TASK DETAILS -> I would like every line of the records below that contains the word "Foto" copied.

THE DATA ->
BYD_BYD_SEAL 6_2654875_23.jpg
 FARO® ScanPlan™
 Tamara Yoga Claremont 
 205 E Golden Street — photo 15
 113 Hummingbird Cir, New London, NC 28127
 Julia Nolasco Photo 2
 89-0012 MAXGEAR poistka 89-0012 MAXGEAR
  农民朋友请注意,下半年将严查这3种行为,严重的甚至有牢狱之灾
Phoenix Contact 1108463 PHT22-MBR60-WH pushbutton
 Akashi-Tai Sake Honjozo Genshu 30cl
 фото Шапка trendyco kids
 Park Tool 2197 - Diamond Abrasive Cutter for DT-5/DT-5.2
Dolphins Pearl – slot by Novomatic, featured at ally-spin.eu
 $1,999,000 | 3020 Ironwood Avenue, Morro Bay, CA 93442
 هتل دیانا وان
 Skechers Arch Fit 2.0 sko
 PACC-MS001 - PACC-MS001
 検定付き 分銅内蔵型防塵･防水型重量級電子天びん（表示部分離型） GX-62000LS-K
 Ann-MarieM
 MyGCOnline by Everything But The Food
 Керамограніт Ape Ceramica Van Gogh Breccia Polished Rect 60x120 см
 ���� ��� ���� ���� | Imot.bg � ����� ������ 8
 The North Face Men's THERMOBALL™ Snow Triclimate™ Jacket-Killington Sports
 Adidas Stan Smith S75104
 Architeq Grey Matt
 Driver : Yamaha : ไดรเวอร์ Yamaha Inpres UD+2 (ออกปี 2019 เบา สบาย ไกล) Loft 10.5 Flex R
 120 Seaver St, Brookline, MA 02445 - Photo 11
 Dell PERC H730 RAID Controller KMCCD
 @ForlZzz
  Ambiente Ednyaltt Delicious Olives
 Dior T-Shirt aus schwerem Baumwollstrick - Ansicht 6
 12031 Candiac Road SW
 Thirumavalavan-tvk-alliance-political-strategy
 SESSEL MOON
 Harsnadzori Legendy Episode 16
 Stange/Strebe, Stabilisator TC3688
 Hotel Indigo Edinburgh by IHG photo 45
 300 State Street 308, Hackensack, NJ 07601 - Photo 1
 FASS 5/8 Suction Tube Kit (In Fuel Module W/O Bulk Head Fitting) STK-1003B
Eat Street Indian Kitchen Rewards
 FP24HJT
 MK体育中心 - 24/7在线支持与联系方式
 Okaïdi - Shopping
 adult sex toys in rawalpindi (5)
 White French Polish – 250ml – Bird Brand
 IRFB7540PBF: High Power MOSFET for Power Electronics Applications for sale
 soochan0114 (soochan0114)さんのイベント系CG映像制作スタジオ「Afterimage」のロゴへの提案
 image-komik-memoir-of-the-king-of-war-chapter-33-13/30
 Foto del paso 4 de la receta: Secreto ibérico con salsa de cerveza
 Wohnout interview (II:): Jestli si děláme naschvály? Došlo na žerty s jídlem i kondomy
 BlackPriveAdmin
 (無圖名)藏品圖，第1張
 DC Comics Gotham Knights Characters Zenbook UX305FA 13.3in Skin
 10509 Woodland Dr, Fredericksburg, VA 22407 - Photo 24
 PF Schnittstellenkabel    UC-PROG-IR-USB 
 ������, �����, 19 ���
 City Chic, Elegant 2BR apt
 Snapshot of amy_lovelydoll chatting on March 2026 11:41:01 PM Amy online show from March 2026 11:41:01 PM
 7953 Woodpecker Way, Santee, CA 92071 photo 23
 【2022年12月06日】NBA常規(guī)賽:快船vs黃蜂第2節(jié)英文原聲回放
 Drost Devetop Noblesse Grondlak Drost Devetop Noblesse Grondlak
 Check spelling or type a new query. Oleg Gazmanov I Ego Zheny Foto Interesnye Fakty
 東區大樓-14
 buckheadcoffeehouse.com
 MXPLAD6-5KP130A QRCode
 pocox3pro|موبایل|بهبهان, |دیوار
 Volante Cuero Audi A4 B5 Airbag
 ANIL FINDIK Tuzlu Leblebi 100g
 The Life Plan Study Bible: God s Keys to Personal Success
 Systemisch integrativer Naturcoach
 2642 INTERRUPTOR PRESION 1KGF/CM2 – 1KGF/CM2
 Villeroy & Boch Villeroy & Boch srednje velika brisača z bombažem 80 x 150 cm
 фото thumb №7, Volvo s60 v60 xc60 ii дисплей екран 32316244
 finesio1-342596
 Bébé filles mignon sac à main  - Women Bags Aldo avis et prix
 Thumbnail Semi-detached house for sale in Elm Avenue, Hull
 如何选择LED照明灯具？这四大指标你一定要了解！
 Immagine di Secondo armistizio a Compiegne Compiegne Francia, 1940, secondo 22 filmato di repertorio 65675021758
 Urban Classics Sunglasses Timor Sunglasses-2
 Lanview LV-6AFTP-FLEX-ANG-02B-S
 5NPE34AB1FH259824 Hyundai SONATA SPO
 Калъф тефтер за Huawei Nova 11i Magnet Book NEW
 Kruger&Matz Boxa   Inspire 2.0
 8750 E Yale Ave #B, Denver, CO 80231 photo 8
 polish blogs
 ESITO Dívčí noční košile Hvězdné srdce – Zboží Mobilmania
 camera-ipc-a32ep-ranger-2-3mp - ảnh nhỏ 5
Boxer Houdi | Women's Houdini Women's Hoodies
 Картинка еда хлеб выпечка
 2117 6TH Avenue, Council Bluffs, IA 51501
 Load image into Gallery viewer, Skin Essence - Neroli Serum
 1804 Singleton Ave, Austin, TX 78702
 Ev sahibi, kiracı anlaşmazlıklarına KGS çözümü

SOLUTION FOR THIS TASK ->
 Foto del paso 4 de la receta: Secreto ibérico con salsa de cerveza
 Check spelling or type a new query. Oleg Gazmanov I Ego Zheny Foto Interesnye Fakty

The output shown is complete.